- _Raw data_:
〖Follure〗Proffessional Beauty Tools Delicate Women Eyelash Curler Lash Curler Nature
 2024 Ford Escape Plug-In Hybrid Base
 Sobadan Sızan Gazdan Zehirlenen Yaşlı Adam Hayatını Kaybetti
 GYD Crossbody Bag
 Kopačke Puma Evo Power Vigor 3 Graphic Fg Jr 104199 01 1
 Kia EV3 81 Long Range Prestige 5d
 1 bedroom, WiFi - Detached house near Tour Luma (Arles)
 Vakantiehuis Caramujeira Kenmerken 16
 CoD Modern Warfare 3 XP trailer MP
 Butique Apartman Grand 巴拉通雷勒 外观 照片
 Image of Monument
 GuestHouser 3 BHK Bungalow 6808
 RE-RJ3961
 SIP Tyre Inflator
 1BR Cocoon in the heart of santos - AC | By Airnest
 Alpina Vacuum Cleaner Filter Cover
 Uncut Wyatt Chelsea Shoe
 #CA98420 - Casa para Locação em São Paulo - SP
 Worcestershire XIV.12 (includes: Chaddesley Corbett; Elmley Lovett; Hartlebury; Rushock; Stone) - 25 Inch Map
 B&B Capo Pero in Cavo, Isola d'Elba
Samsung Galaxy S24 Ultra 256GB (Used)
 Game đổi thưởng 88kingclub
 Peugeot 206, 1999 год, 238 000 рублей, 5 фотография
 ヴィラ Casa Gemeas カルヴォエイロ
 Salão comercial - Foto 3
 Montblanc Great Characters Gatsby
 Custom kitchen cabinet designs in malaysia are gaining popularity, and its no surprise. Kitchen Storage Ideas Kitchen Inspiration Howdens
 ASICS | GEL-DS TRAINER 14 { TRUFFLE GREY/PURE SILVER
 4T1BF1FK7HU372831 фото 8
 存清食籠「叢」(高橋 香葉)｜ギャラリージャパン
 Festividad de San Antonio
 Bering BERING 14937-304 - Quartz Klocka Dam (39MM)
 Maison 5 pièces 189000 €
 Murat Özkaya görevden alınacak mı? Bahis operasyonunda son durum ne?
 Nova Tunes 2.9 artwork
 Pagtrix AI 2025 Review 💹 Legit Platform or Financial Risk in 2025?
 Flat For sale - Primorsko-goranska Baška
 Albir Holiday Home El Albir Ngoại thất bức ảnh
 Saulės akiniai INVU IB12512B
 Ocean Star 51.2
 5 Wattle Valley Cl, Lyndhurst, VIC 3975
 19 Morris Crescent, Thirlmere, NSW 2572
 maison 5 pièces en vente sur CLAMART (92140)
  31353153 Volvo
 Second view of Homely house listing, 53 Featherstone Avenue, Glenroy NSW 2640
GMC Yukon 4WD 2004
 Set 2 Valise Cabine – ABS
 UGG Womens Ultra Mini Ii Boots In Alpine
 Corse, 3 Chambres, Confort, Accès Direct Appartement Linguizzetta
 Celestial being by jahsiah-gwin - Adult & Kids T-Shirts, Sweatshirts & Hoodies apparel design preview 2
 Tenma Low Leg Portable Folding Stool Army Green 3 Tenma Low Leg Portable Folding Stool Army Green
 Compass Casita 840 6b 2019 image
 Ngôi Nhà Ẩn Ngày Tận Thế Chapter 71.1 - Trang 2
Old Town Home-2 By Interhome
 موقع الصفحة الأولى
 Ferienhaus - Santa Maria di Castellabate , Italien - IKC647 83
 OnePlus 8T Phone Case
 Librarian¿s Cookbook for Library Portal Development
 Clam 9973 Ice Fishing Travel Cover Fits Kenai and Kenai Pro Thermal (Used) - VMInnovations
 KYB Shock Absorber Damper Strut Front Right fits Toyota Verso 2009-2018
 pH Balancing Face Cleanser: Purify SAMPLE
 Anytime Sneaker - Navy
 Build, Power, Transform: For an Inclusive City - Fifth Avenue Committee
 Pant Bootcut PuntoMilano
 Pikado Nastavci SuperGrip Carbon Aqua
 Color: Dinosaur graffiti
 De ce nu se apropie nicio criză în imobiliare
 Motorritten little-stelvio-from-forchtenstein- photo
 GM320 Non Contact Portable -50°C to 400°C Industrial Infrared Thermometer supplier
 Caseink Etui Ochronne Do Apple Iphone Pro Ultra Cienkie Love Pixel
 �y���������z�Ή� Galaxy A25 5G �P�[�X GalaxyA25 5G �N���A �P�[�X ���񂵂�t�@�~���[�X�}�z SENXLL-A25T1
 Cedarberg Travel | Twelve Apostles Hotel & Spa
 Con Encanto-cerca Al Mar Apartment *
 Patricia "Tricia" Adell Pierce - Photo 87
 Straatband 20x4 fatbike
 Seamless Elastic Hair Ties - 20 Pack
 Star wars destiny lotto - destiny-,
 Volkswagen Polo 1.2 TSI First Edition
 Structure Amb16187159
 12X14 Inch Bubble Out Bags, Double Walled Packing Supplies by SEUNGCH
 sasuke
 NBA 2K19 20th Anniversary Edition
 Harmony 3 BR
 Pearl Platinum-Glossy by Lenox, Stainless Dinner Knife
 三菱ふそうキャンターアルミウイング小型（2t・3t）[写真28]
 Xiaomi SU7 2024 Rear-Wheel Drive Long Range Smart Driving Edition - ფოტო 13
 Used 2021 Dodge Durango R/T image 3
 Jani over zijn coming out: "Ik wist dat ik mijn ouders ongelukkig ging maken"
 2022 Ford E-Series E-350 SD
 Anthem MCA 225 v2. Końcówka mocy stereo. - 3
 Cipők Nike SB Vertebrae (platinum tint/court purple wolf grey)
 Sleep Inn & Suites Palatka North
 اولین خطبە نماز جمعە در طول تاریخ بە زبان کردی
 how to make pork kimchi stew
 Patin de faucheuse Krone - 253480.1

- _Brief_: Only one number is wanted: how many lines of the listing above hold the word "Galaxy".

- _Answer_: 2